▶ _Task item_
Would you copy exactly the lines in the data below from the one that has "SET/TAF1 Rabbit Monoclonal" through the one that has "RASL12 antibody used", dropping any pictures?

▶ _Listed records_
_ _ _ _
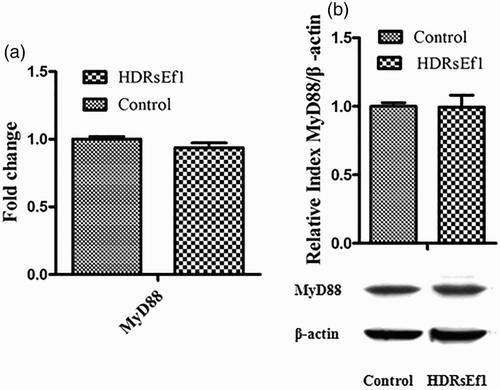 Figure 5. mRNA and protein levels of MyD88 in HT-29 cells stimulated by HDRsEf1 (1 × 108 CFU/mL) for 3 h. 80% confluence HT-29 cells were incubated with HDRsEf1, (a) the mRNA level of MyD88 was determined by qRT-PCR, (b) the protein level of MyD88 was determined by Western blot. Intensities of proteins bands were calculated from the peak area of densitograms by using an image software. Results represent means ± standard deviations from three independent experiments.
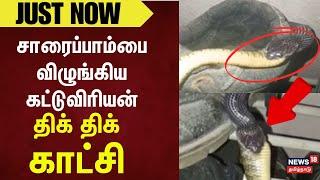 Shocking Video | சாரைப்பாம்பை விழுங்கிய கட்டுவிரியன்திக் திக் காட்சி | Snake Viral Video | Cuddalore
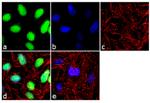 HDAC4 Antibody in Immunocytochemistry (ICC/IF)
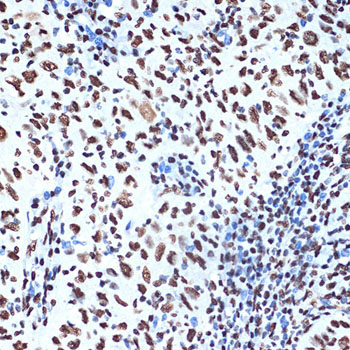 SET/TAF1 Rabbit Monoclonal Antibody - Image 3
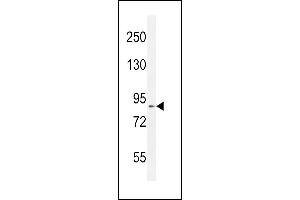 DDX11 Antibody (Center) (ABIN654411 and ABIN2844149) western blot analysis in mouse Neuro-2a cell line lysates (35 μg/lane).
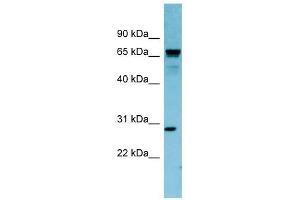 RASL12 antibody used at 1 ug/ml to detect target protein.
_ _ _ _
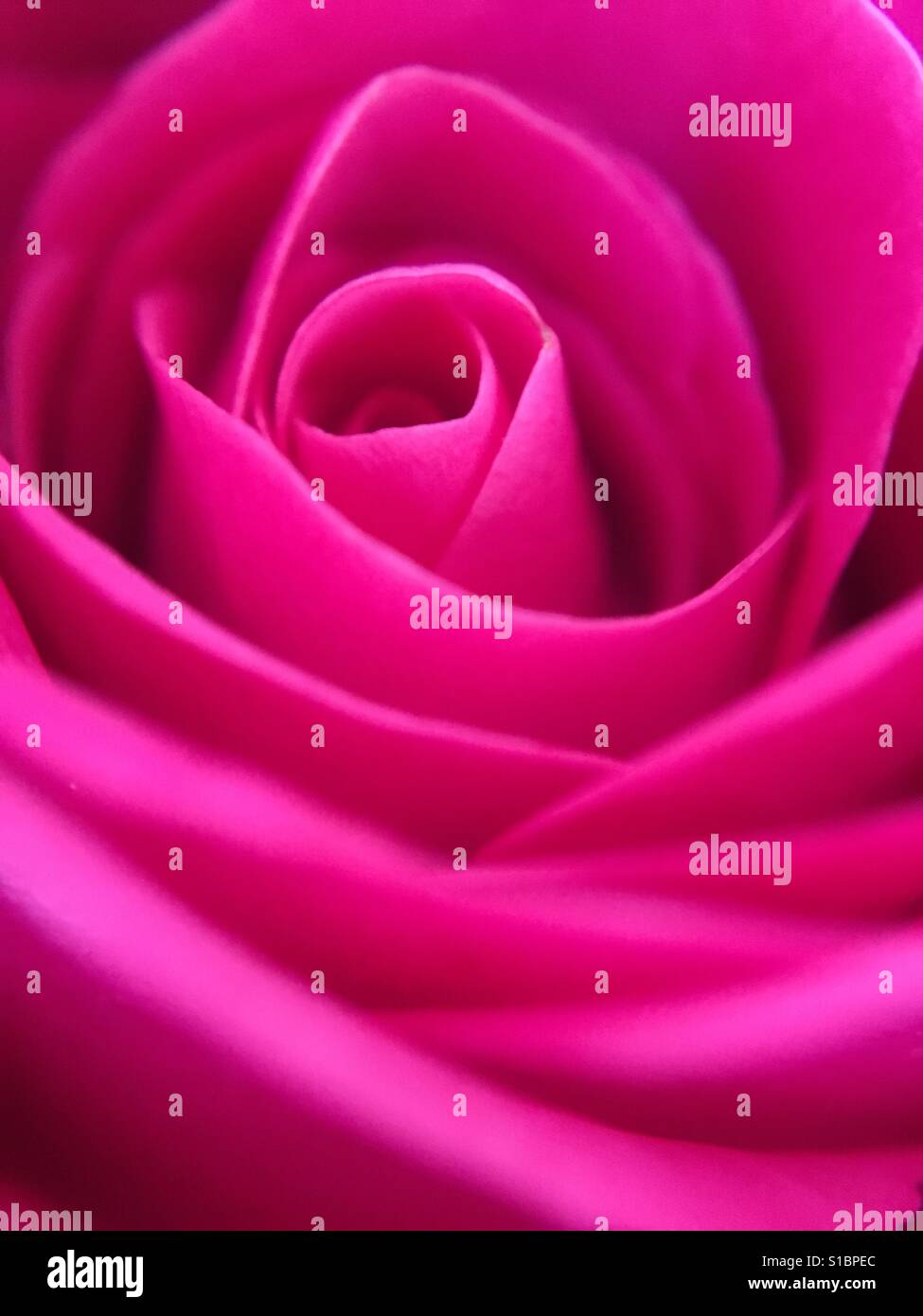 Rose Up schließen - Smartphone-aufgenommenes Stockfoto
_ _ _ _
▶ _Exercise answer_
 SET/TAF1 Rabbit Monoclonal Antibody - Image 3
 DDX11 Antibody (Center) (ABIN654411 and ABIN2844149) western blot analysis in mouse Neuro-2a cell line lysates (35 μg/lane).
 RASL12 antibody used at 1 ug/ml to detect target protein.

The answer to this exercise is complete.